◆ Information supplied
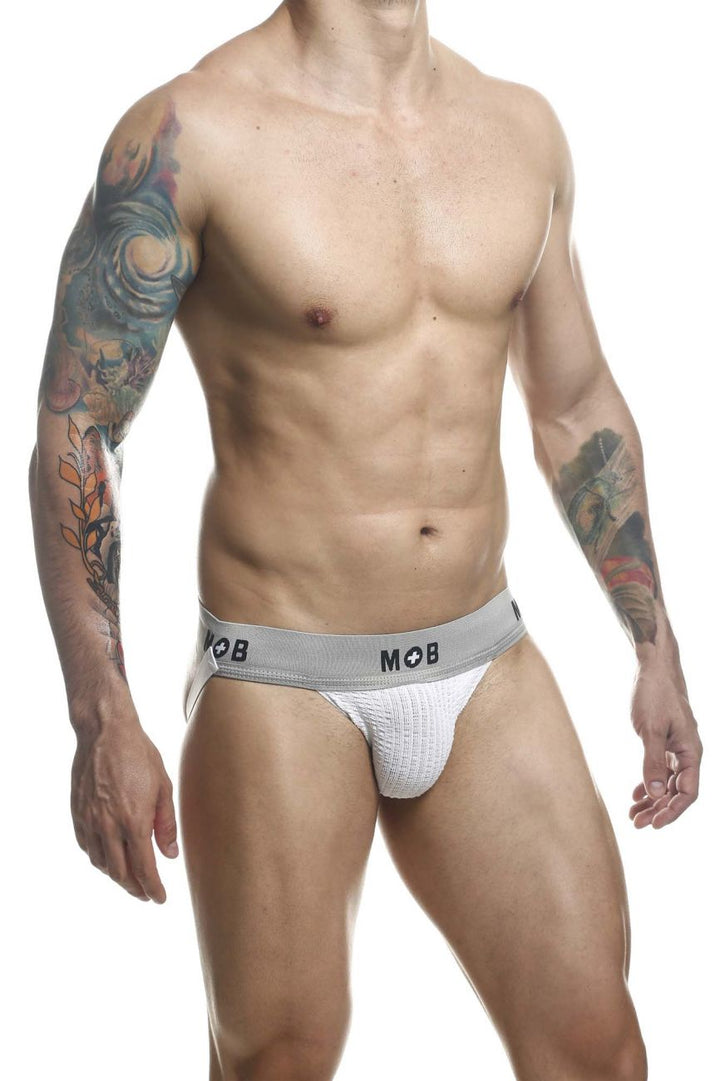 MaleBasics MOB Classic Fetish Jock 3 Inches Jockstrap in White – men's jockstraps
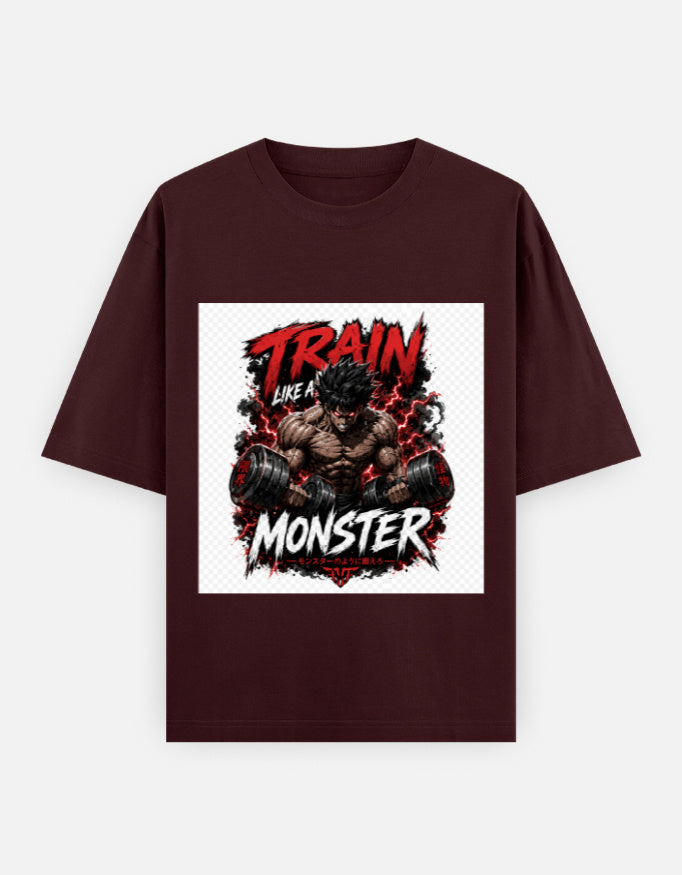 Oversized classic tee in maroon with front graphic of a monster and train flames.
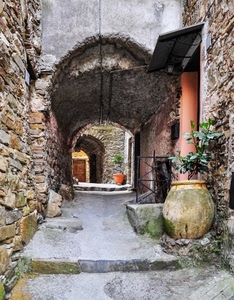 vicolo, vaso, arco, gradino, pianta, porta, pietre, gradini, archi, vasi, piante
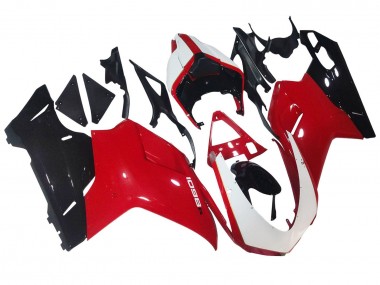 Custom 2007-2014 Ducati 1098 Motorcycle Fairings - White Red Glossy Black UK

◆ Task requirements
Leaving out the pictures, reproduce the whole listing above exactly.

◆ The completed task
 MaleBasics MOB Classic Fetish Jock 3 Inches Jockstrap in White – men's jockstraps
 Oversized classic tee in maroon with front graphic of a monster and train flames.
 vicolo, vaso, arco, gradino, pianta, porta, pietre, gradini, archi, vasi, piante
 Custom 2007-2014 Ducati 1098 Motorcycle Fairings - White Red Glossy Black UK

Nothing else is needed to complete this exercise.